I went online to see what one wears to this event and learned that "costumes or tacky clothing" was the suggested attire. For those still at sea, there were helpful photos of participants at past Cotillions. Colored wigs, feather boas, and funny hats seemed common choices. Big Man had it easy -- the band members were to dress in black -- big deal. I was the one with decisions to make. My selections were complicated by the fact that the benefit featured all you could eat food from some premier New Orleans restaurants, so I didn't want to put on anything too binding. Eventually, I settled on kind of a Pirate Queen thing with a mask but no wig or hat.

I always enjoy going to Mardi Gras World, seeing up close and at rest the fancy floats and figures that usually go by too quickly at Carnival. But most of the time I'm there for MOMs, which is a completely different milieu than the Cochon Cotillion (enough said about that!). Inside the main room, different tables were up around the periphery, each table representing a different restaurant or caterer, with selections like shrimp remoulade, Cajun pasta, alligator burgers, Creole Country Store sausages, spinach salad with pecans, potatoes au gratin, fruit salad, even pizza and hot dogs (I didn't waste calories on that, believe you me!)

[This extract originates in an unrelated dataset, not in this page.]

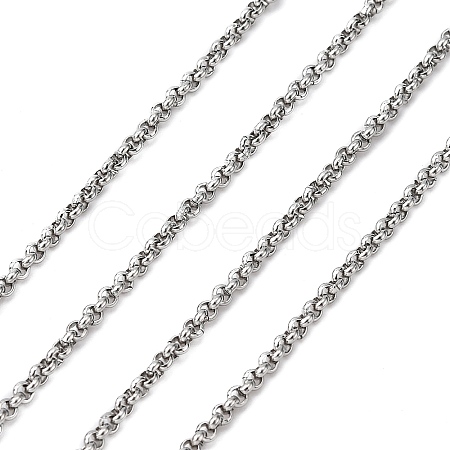 Tarnish Resistant 304 Stainless Steel Rolo Chains CHS-K001-99D-1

For dessert, there were several varieties of bread pudding, cupcakes, and an unbelievable array of jewel-like tiny pastries by a new pastry chef Uptown, a young woman who looked Philippine-American. They were AMAZING! I had to physically restrain myself from just hanging out there and eating like a, well, like a little cochon.

One thing that might seem strange (MIGHT??) was that this was an open-bar event. I mean, only in New Orleans, right? would there be a benefit for an institution promoting sobriety where there'd be so much drinking. It was weird enough, even for us, that two of the emcees mentioned it from the stage. ("Where else but New Orleans could you get this drunk in the name of staying sober?")

A prominent feature of the Cotillion is the annual parade, leading of course to its other nickname, Pork & Beads. There's a king and queen and court, there's an actual high school marching band, and lots of bead throwing, even dubloons (but these were actually chocolate coins from the Magazine Street chocolate shop, Blue Frog. Yum!) I couldn't get myself interested in more beads -- which I'd only have to drop off at Sophie Gumbel anyway -- but I did enjoy watching the parade and seeing the costumes people came up with. (Lots of pig themes, natch, and lots of references to current events.)

Then I saw someone I thought I knew, and in a flash I realized I only thought I knew him because his famous face was so familiar. It was James Carville, and then I saw his wife Mary Matalin as well. Wow! I wanted to run up to them and say, "Y'all helped inspire my marriage!" because Big Man is a Republican and I'm a congenital Democrat. When we'd get into verbal scuffles over politics when we were dating, we'd say, "I wonder how Carville and Matalin handle this?" and we eventually figured out that they probably decide not to keep on talking when they have an impasse. (We don't know that for sure, we just made it up. But it does work for us.) I didn't interrupt the parade to tell that, and later I couldn't find them. Oh well. Next time I run into them in this small town, I'll tell them.

Since Big Man and I had to arrive before the Patron Party at 7 pm, and I was so sun-struck from the Riverfest earlier in the day, I conked out pretty early and retreated to the van until Big Man was free to leave. Next year, I'll devise an even more comfortable costume, and maybe invite a sister or a friend to go with me so I'd have somebody to talk to while Big Man is on stage.

But it's a terrific good time in a great cause -- not to mention the irony!